JANEY: What’s sad is that I wasn’t really aware of that many female-identifying artists growing up as a teenager… I’m glad that’s changed now. I’d probably have to say Patti Smith, Brody Dalle and Kathleen Hanna, but I take most of my inspiration from Sharon Jones (RIP) - an incredible soul singer.
ANYA: I also love Patti Smith! I’m reading her memoirs at the moment, Just Kids and M Train. She’s so inspirational in that she always tries to finds a way to live that is authentic and meaningful. But I’m also propelled by the female and non-binary fronted bands in our DIY punk community here in the UK. Charmpit, Big Joanie, Screaming Toenail, Fight Rosa Fight, and so many more. Katie Gatt from Personal Best is a sick guitarist, for example. This is the kind of thing that inspires me to keep making punk music.
LUCY: The Slits. The first time I heard their cover of Heard it Through the Grapevine and their John Peel sessions where they forget the lyrics and the chords, but power through it in the most raw and exciting way, I knew that this was the music I wanted to make. Viv Albertine (the guitarist’s) book, Clothes, Clothes, Clothes.
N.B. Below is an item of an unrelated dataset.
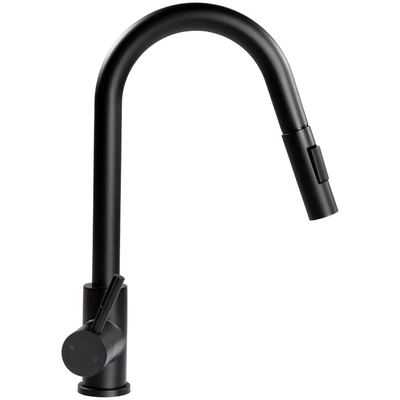 Bullet Pull-Down Faucet by LIPPERT COMPONENTS - 2021090600 pa1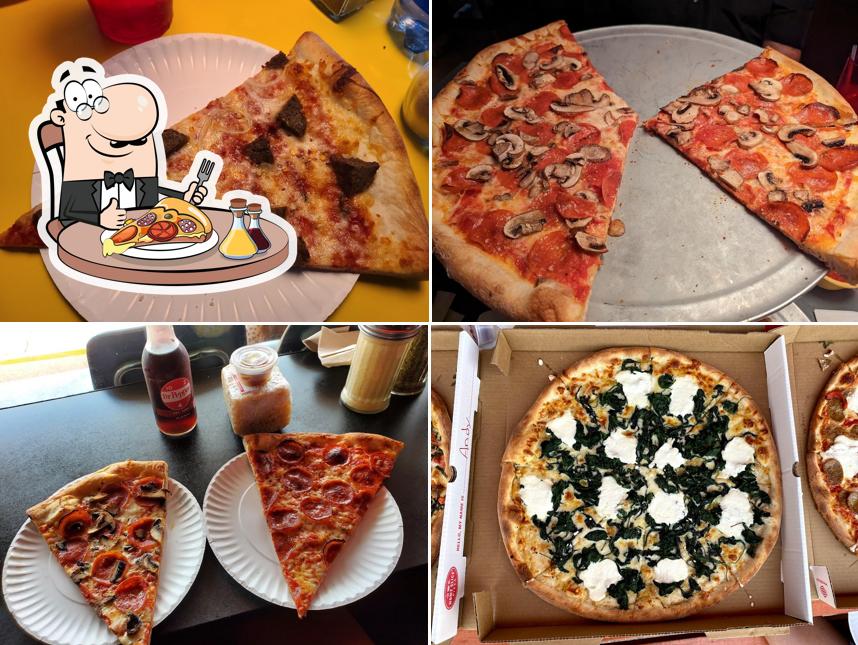 Home Slice Pizza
Music, Music, Music. Boys, Boys, Boys, is one of my favourites and gives the most interesting glimpse into the Punk scene of the 70’s, as well as chronicling the contribution and legacy of the many female musicians and artists that are forgotten in the HIStory of punk. Aside from this, I agree that the bands in the community are an energising force when it comes to making our own music.
Photo credit: Poppy Marriott
SHAMELESS: So far, what has been the most significant challenge in your career?
JANEY: To be honest, I can’t really consider DIY punk a career. It’s something we have to do outside of working full-time day jobs and activist commitments, and there’s no money in it which is why we’re crowdfunding our next EP. The most significant challenge within music is about balancing your time -remaining available enough for gigs, carving out time for creativity, whilst still having to dedicate the majority of your time to paying your rent.
ANYA: I hear that. The music industry is haggard and rent in London is high. It’s a basic fact of MATHS. There are only X amount of hours in a week, and we’ve got X amount of rent to pay! So Y are we not signed by a major label yet lol. ZZZ.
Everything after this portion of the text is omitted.